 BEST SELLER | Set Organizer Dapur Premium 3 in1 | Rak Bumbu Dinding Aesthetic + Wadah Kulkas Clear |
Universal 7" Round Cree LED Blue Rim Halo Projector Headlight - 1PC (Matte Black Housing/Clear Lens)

* * *

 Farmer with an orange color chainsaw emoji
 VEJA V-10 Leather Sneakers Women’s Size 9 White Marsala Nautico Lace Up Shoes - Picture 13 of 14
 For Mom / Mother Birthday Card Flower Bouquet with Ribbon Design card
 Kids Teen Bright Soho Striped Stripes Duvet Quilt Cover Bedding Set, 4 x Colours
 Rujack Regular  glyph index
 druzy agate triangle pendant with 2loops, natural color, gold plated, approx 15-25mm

---

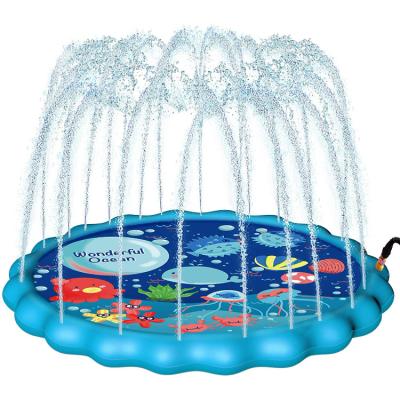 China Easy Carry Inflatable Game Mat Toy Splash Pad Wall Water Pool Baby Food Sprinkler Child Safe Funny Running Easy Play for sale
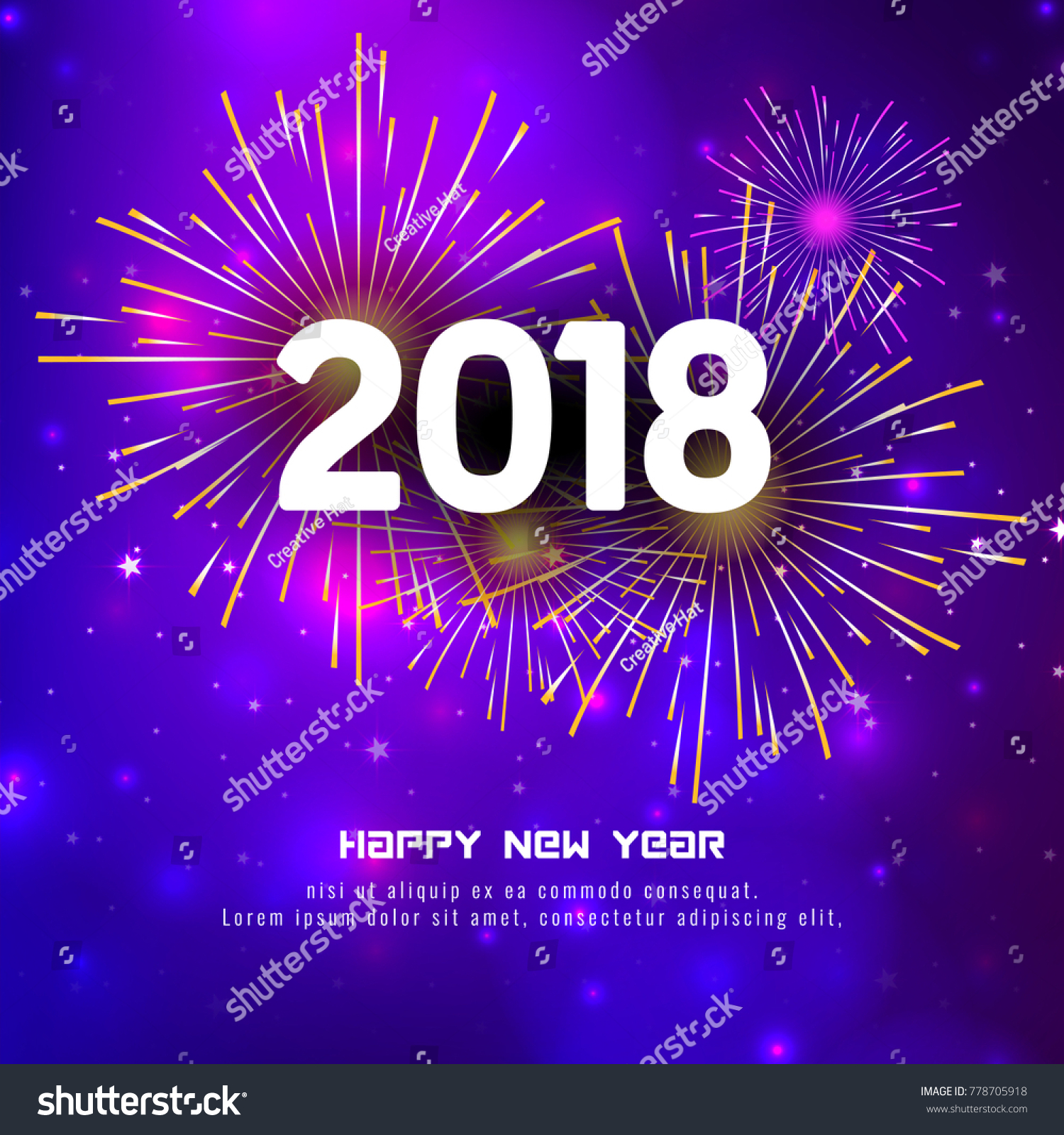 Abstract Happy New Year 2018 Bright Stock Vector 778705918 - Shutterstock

▸ **Task details**:
Filter the records down to the lines that contain the string "with", and copy those lines.

▸ **Response to the exercise**:
 Farmer with an orange color chainsaw emoji
 For Mom / Mother Birthday Card Flower Bouquet with Ribbon Design card
 druzy agate triangle pendant with 2loops, natural color, gold plated, approx 15-25mm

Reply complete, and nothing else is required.